Simple Tendencies

Downtown, Loganville 2000

Quelqu\'un me réveille de mon sommeil 

 

I wake, I eat, I sleep. I dream of sandpaper on a tree limb, and the tacky feeling of sap on my fingers. 

Licking at it, I imagine falling in place in an ever lengthening hole. I pretend it\'s flight. 

My bedroom is clean. In my dreams 

The floor is unstained by Coke and sweat, 

And the walls still carry their colors proudly. 

Safe. Clean. 

The two bookshelves I\'ve had since infancy lean against those walls.

They never left, and I greet them as old friends. 

There is no hum from an inexpensive television,

No modem whirring to life.

No friends. 

Except the books littering the shelves.

And a little boy with a book has all the friends he needs.
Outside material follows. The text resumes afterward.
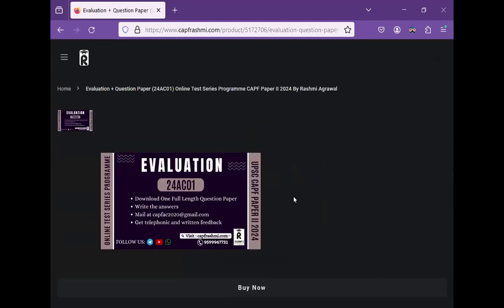This is the evaluation course. It is written in the evaluation. You will see a line on the screen — there is a problem in the monitor. Evaluation 24-AC-01. This is a full-length test paper code. One test paper — you will find the answer, and you will see it in the description.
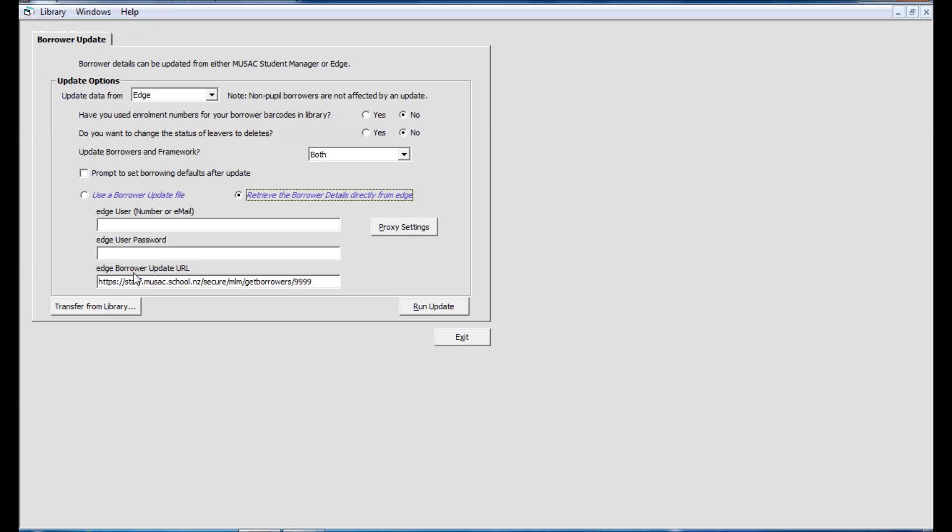The URL to Edge will be automatically populated for you and the school MOE number will be updated at the end here to reflect your school. This will read from your license file.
Right, mama?

 

...Right, Collin. 

 

I dream of swim team, and burning eyes from chlorine.

The smell of summer deodorizes everything, pine needles and sunblock. 

Little boys don\'t dream of greatness in the water.

 The world shrinks and all you see

 is the pair of legs dancing in and out of the pool ahead of you.

The long stretches of time, drowning yourself

by breathing in water during the backstroke. 

The feel of cement crushing your fingers as you fly into a turn.

The shame the little boy felt when he sees he\'s in last place. Again.

 

I dream of sudden shock, watching my father impale his thigh on a car door while he throws himself from his wheelchair. There is no blood in my slumber. He cries out in agony as firefighters clamp the door from the car frame. They carry him out of my sight. 

 

Mama, Daddy is okay, right?

... Right, Collin. 

 

My dreams taste like the salt from the tears that course down my face as my brother goads me into fighting my first friend.

Caleb\'s older brothers shove him toward me,

 and neither of us know what to do.

He cries, too. 

 

I smell mesquite smoke and the rubber from the trampoline we hide under.

He asks me if I\'ve kissed a girl.

 I say of course, I kiss mama. He says no, like a real girl. 

I say no. Your sister is a real girl. Kiss her. 

I say no. He asks if I want to kiss him.

I say no. He does it anyway. 

 

 

Mama, boys can kiss, right?

No, Collin!

 

It\'s October, and I dream of the crunch of leaves under my feet.

Mama and I make our way through the crowd near the big church.

I lick mascara and powder from my lips

 as the costume melts in the Georgia heat.

 My hand sweats in my mother\'s,

but I hold tightly to the ice cold band

that wraps around her finger.

 My hand still blazes with the lipstick

 she kissed it with that morning

as a banishment of fear and loneliness.

Sister is at home.

Brother is inside the church.

Daddy walks. All is well. 

 

I dream of writing. Words topple single file off long bylines that I have to finish before the paper is due. My stomach is flat, in my dreams. My ribs show. My eyes burst with vibrancy and color, but they bug out just the same. I am alive,

here the scratch of uncut nails on plastic keys etching a staccato beat into the hardware is all the music I need. 

 

Desperate to be loved. Desperate to know recognition. 

 

I am a Pullitzer, a laureate, a name on every tongue in Georgia. They hold focus classes on me, and none of them see the hollow shell of a boy cowering under his desk, that the mean man he grows into has come again to milk his tears as ink for his art. 

 

I wonder if Caleb remembers our kiss under the trampoline. Time means nothing, and in my sleep I see us both as five, playing with concepts too big for children and too alien for adults. 

 

I dream to hide myself from the consequences of waking, and to purge myself from the thoughts that corrupted the little boy, hand in hand with his mother, as they walk through downtown Loganville.